Given the novelty of the concept, Phil Ejercito was skeptical about how the city would react to CRASH Madison. This is a system to broadcast text messages about the status of the Halloween party on State Street, including information about the weather, entertainment venues, crowd sizes, and dangerous situations, among other things. How is the city responding the texting plans announced by Ejercito?
A Halloween organizer, the mayor's spokesperson, and a police spokesperson weigh in:
- Joel Plant, city alcohol policy coordinator and primary Halloween planning liaison: "I think the CRASH Madison service is both novel and useful. The timely dissemination of accurate information will be very helpful for everyone involved. Furthermore, [Ejercito's] efforts reiterate the fact that the issues surrounding Halloween in Madison are community issues that require community action."
- George Twigg, communications director for Mayor Cieslewicz: "The mayor supports finding innovative ways to reach Halloween participants with accurate, timely information. This project would seem to fit that goal, and the mayor hopes it is successful in that regard."
- Officer Howard Payne, a public information officer for the Madison Police Department: "We have no issue with any outlet that's delivering information. We can't control that. As long as this outlet is delivering timely and factual information to whoever they're clients might be, I can't see it being a negative thing, especially by way of informing people about lines, bands, locations to eat, and other information that people want to know. We're not against this as long as it's giving factual information and not inciting some sort of a problem or promoting some type of negative situation. We would not want to align ourselves with anyone who is doing such a thing."

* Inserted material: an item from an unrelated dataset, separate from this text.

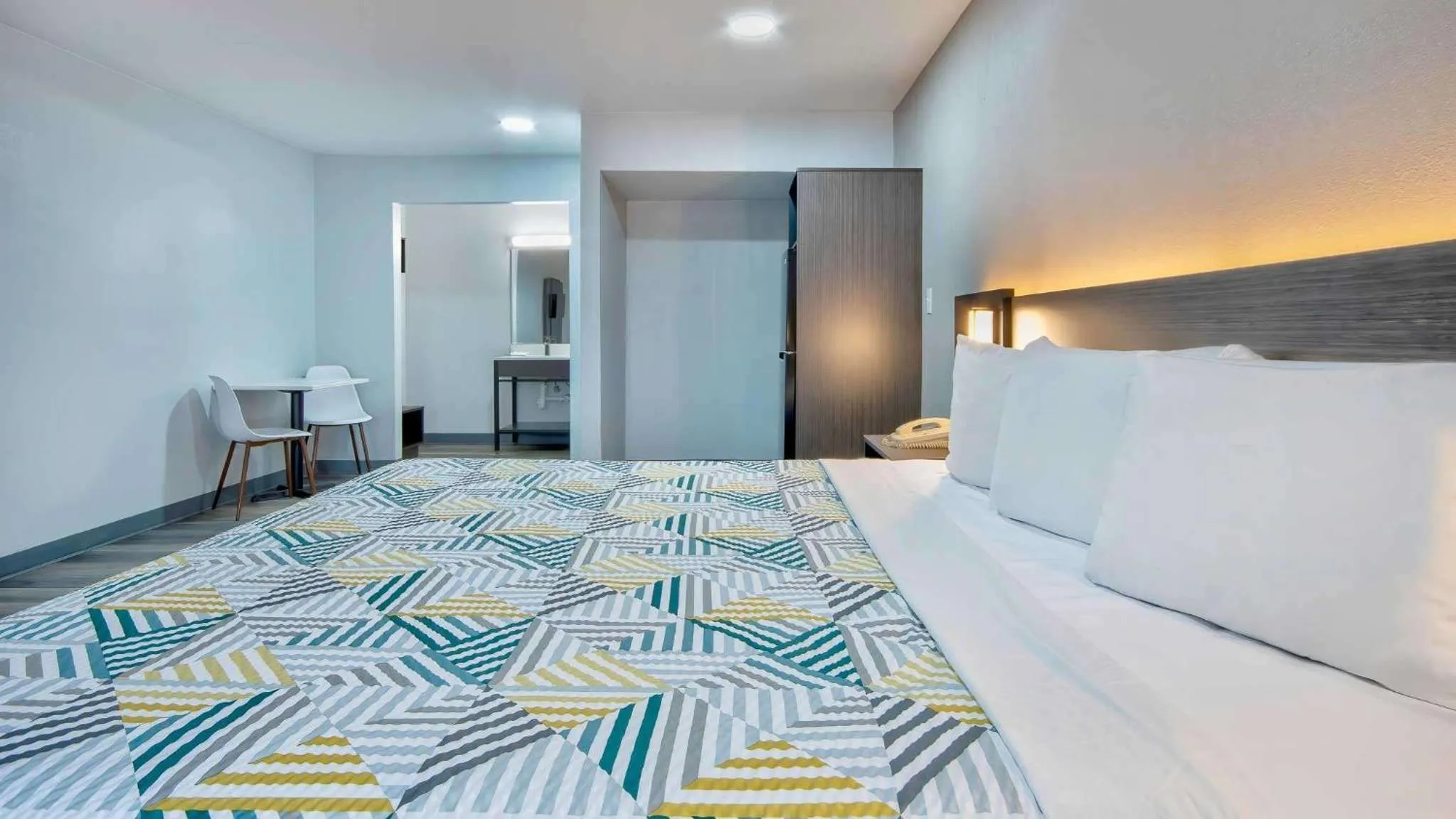 Photo of the whole room, Bed in Studio 6 Texarkana TX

As word spread about CRASH Madison, there was one question repeatedly asked by various persons: Will heavy network traffic due to the amount of people presumably using cell phones on State Street slow down or inhibit the text broadcasts in any way?
Ejercito says probably not. "It's a very legitimate concern that heavy network traffic will slow message delivery, but there are a couple of responses to that," he says. One, "we think SMS data is more likely to make it through than voice traffic," Ejercito states, and secondly, "text messages can be time-shifted and still received, unlike voice messages." Even if CRASH messages don't get through to all of its subscribers," he continues, enough messages getting through "can seed word-of-mouth message delivery with accurate and timely information as opposed to the usual rumors and misinformation that can breed confusion and chaos."